Dataset extract
★ ★ ★

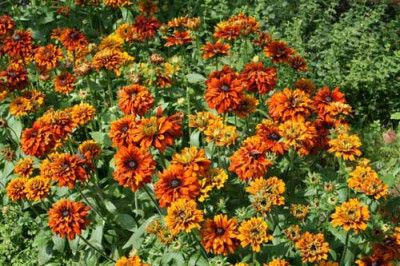 Indian_Summer_I_13.7.-020.jpg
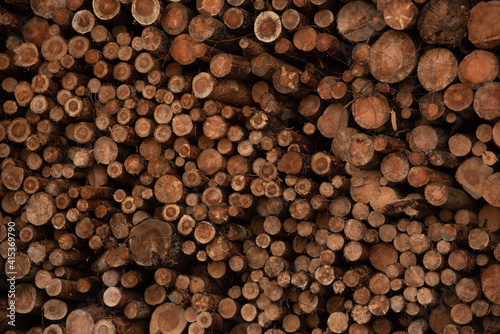 Background of cut wood logs stacked in a pile. wood for the production of chipboard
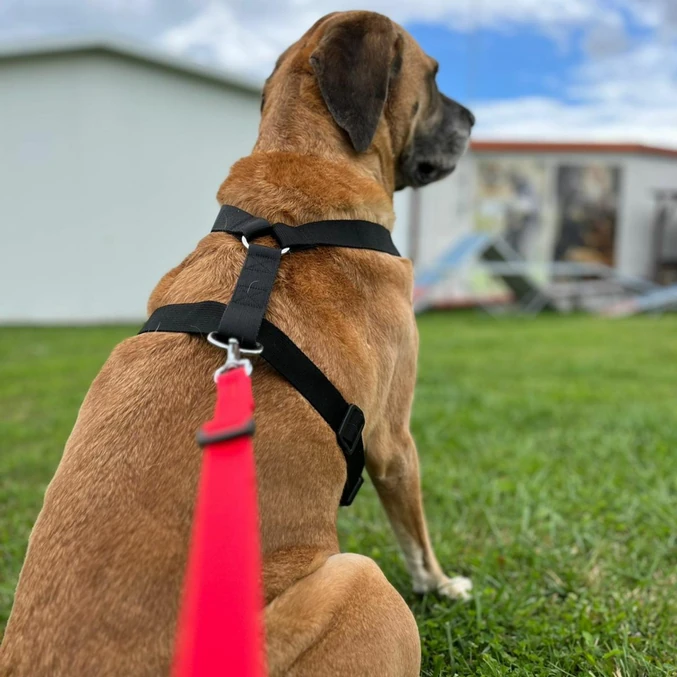 Oprsnica Guard Fred iz PP-traku Dingo – modra - slika 3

★ ★ ★

What you have to do
For this exercise, transcribe the data above line by line, exactly, with pictures omitted.

Solution to this problem
 Indian_Summer_I_13.7.-020.jpg
 Background of cut wood logs stacked in a pile. wood for the production of chipboard
 Oprsnica Guard Fred iz PP-traku Dingo – modra - slika 3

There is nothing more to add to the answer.